I’ve finally got round to writing a wee blog. We’ve been here for 2 weeks now, hard to believe! It’s been a really challenging and amazing time. We touched down in Dakar on an unbelievably humid night. We got through the arrivals after less than an hour, giving our white immigration forms to a sleepy looking official wearing traditional dress. As soon as we saw the baggage belt we found ourselves surrounded by pushy porters, who hauled our suitcases onto trolleys and politely demanded money. James quickly handed over a 10,000 FCFA note, about £12, which they began to argue over. As soon as we left the terminal we met Brett Molter and Simon, and were surrounded by guys wanting to carry stuff (at a small price of course). Once we got our stuff into the van we set off for the school, through long slow traffic jams going out of the city. The journey to BCS took about an hour and a half.

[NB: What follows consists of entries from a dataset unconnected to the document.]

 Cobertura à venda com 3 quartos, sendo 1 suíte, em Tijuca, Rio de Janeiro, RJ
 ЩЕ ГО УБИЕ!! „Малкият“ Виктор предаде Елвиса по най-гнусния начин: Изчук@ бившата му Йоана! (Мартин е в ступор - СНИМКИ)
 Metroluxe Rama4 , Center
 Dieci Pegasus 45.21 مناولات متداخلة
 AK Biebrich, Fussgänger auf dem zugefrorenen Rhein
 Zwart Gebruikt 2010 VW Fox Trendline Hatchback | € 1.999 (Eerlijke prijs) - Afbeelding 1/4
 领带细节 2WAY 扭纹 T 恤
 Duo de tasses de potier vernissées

The school is a boarding school, purpose built on a large site next to a mango plantation. The land around is flat and there are also lots of huge baobabs. It is owned WEC (Worldwide Evangelisations for Christ) and I’m working there as a short term WEC ‘Trekker’ for my gap year. There are over 90 pupils and their parents work all over West Africa, with over 20 different missions. The school is really vital to the work of God in West Africa, because without it many ‘MKs’ (missionary kids) wouldn’t be able to obtain suitable qualifications for universities, and this would mean they or their whole families would have to leave Africa in order for them to study at home. So it is effectively keeping missionaries out here. The pupils hail from loads of different countries, such as Brazil, Holland, Germany, the USA, South Korea, Nigeria, France and the UK. Most kids speak at least one other language besides their mother tongue. The school operates in English and there are some classes provided in German, Dutch, Portuguese, and Korean. This is so that pupils who speak these languages in their home country won’t forget them while living in an English-speaking school within a French-speaking country.
What I'm doing mostly is being a dorm helper in Eagle Dorm, which is the dorm for the 7-11 year olds. I have to help them prepare meals, do devotions, games, and generally help out in supervising and looking after the kids. So far I'm really enjoying it, and it sometimes doesn't feel like work.

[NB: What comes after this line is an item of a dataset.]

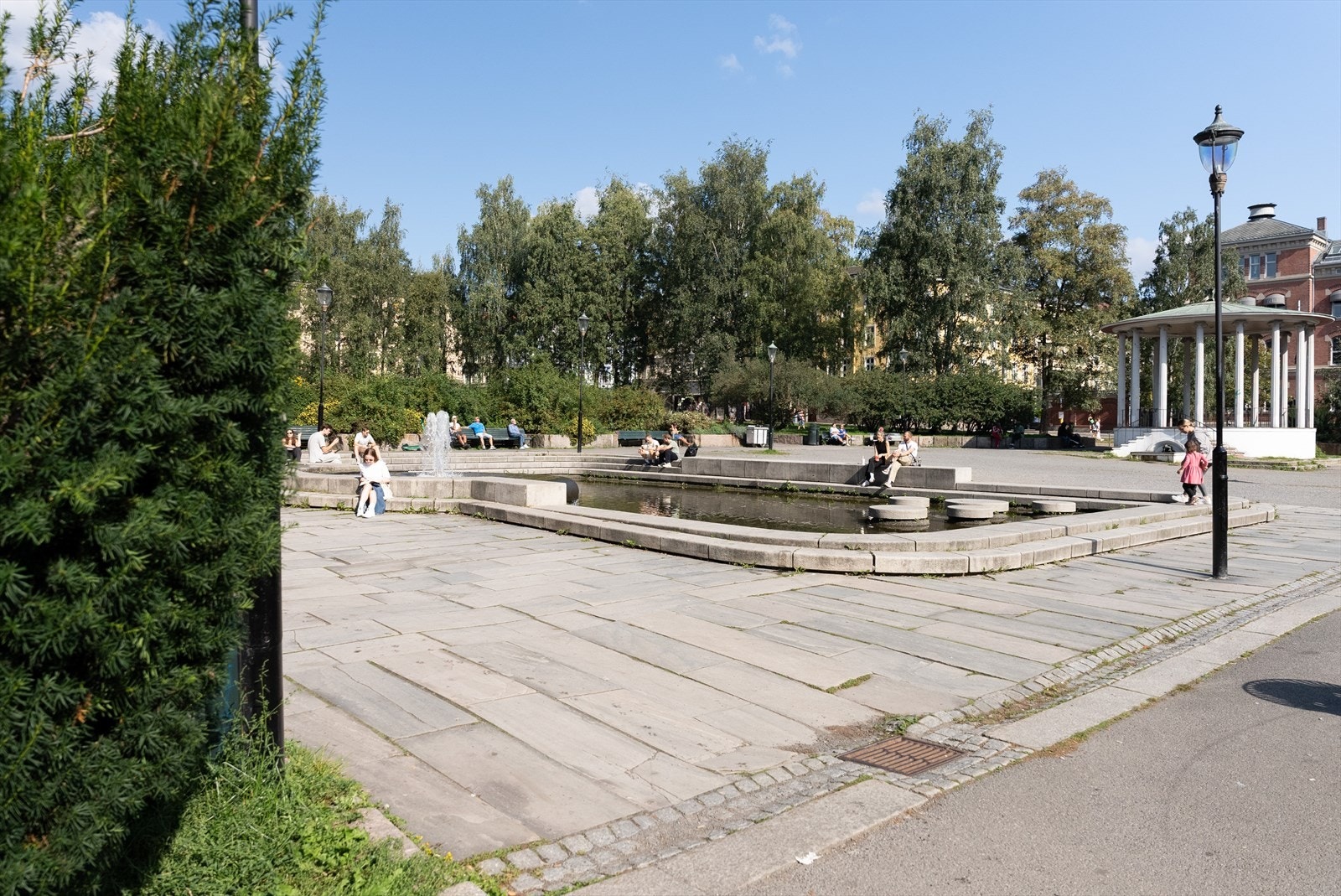 Birkelunden en sensommerdag. Galleribilde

I'm also teaching Years 7-9 History, as well as being a classroom assistant in a primary class. This means my schedule is full up and I've always something to be at. Although it can be kind of exhausting at times, I know its worthwhile. I'm amazed at the missionary families who have worked for so many years in this difficult part of West Africa among many different people groups who are mostly Muslim and Animist, and not particularly open to Christianity.
Anyway I hope to update this blog now and again, so thanks for reading!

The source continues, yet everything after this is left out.